The Centre for the Promotion of Private Enterprise (CPPE) has urged policymakers to adopt a cautious approach to further interest rate hikes, warning that rising political spending ahead of the 2027 elections and growing geopolitical tensions could complicate monetary policy decisions.

The Monetary Policy Committee (MPC) of the central bank will hold its 305th meeting starting Monday, May 19 (today) to Tuesday, May 20, after which the monetary policy decisions will be announced.

The centre said while inflation control remains critical, excessive monetary tightening could weaken credit growth, discourage private investment and slow Nigeria’s fragile economic recovery.

Last week, the National Bureau of Statistics (NBS) said the country’s inflation increased to 15.69 per cent in April amid the impact of the continued tension in the Middle East.

According to the chief executive of CPPE, Mr Muda Yusuf, the MPC will need to carefully weigh domestic economic realities alongside global developments before taking any decision on rates.

He stated that geopolitical tensions involving the United States, Israel and Iran were already fueling uncertainty in the global energy market, with rising crude oil prices expected to increase domestic energy, logistics and production costs, noting that the global developments could further intensify inflationary pressures within the Nigerian economy.

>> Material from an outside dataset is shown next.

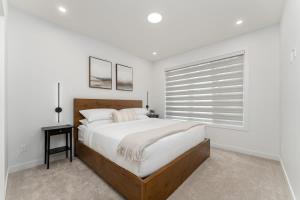 Modern 5BR Home Near Rogers Place & NAIT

On the domestic front, Mr Yusuf said signs of rising liquidity linked to preparations for the 2027 general elections are becoming more evident, explaining that political spending by candidates and parties, combined with increasing allocations from the Federation Account Allocation Committee (FAAC) to state governments, could create fresh liquidity management and inflation challenges for monetary authorities.

“Indications of increased liquidity related to the upcoming 2027 elections are becoming more prominent. Political spending from candidates and parties, coupled with enhanced disbursements from FAAC to state governments, presents important considerations for liquidity management and inflation control,” he said.

Mr Yusuf stated that, given the current environment, there is a strong possibility that the MPC may either retain the current policy stance or opt for only moderate tightening.

The CPPE warned that sustained high interest rates could hurt economic growth, weaken industrial productivity and undermine job creation and acknowledged the need to manage inflation expectations

The centre argued that Nigeria’s inflation challenges are largely supply-driven, particularly due to high energy costs, logistics bottlenecks and structural inefficiencies, limiting the effectiveness of aggressive monetary tightening.

According to Mr Yusuf, monetary tightening is generally more effective in tackling demand-pull inflation than supply-side inflation.

He stressed that higher interest rates could increase borrowing costs for businesses, reduce manufacturing competitiveness, constrain small and medium-scale enterprises and discourage investment at a time when the economy requires stronger productivity growth.

The CPPE also warned that elevated rates could heighten the risk of loan defaults and place additional pressure on businesses already struggling with high operating costs.

Mr Yusuf advocated a more balanced and development-focused monetary policy framework suited to the realities of emerging economies like Nigeria, where infrastructure gaps, weak productive capacity, unemployment and financing constraints remain major challenges.

He maintained that sustainable disinflation in Nigeria would depend more on supply-side reforms, energy security, improved logistics, stable exchange rates and increased domestic refining capacity than solely on aggressive monetary tightening.

“The primary focus should be on fostering investor confidence, encouraging productive investments, enhancing output growth and improving the economy’s supply-side capacity while remaining attentive to inflation management,” he said.